Does knitr have an option that allows one to set R's width
option on a per chunk basis?
If not, is there a good reason (i.e. one rooted in some fundamental limitation of the knitr model) that it does not?
To show what I'm wishing for, here is a hand-rolled hook function that does basically what I want. (I don't really like it though, (a) because it is ugly, relying on assignment of the variable .width
into the global environment, and (b) because it's not available "out of the box" as a supplied option like fig.width
, out.width
, et al.)
\documentclass[preview=true,width=3mm]{standalone}
\begin{document}
<<setup, include=FALSE, cache=FALSE>>=
options(width=60)
knit_hooks$set(width = function(before, options, envir) {
if(before) {
.width <<- options(width=options$width) ## Set width and save 'old' value
} else {
options(.width)} ## Restore width's 'old' value
})
@
First chunk uses default width
<<A>>=
c("aaaaa", "bbbbb", "ccccc", "ddddd", "eeeee", "fffff", "ggggg", "hhhhh")
@
Second chunk uses narrower supplied width, but then resets width to
pre-existing value \dots
<<B, width=20>>=
c("aaaaa", "bbbbb", "ccccc", "ddddd", "eeeee", "fffff", "ggggg", "hhhhh")
@
\noindent \dots as shown by results of the third chunk
<<C>>=
c("aaaaa", "bbbbb", "ccccc", "ddddd", "eeeee", "fffff", "ggggg", "hhhhh")
@
\end{document}
Though not a solution to the overall question, your first complaint with your code is that it gums up the global environment with your .width
variable.
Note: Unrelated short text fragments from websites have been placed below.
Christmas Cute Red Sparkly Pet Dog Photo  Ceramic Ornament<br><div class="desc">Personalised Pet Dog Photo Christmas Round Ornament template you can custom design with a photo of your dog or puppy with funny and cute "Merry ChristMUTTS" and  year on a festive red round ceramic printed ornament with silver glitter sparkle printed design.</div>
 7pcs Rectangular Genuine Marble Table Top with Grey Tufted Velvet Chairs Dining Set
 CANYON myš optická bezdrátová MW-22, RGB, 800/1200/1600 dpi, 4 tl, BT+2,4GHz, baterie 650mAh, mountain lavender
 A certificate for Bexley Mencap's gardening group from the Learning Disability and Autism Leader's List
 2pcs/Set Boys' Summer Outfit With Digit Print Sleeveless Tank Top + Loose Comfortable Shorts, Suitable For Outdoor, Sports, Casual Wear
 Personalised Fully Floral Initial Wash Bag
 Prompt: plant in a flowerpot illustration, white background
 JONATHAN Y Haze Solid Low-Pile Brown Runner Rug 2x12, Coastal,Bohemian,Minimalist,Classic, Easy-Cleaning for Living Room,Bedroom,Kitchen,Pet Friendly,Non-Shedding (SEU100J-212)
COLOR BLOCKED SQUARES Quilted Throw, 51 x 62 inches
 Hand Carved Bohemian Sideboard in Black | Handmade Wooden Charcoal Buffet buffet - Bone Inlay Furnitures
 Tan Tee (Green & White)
This can be resolved using local()
as a closure mechanism, encapsulating your variable so that you get no collisions in global var space.
So, if you replace your knit_hooks$set
call with:
knit_hooks$set(width=local({
.width <- 0
function(before, options, envir) {
if (before) .width <<- options(width=options$width)
else options(.width)
}
}))
it produces the same results without the problem of forcing .width
into the global environment. The rest of your code above works as before with identical output.
More can be read at help(local)
, in Advanced R Programming (Hadley Wickham), and there are several examples of it in the wild, such as @JeroenOoms' OpenCPU.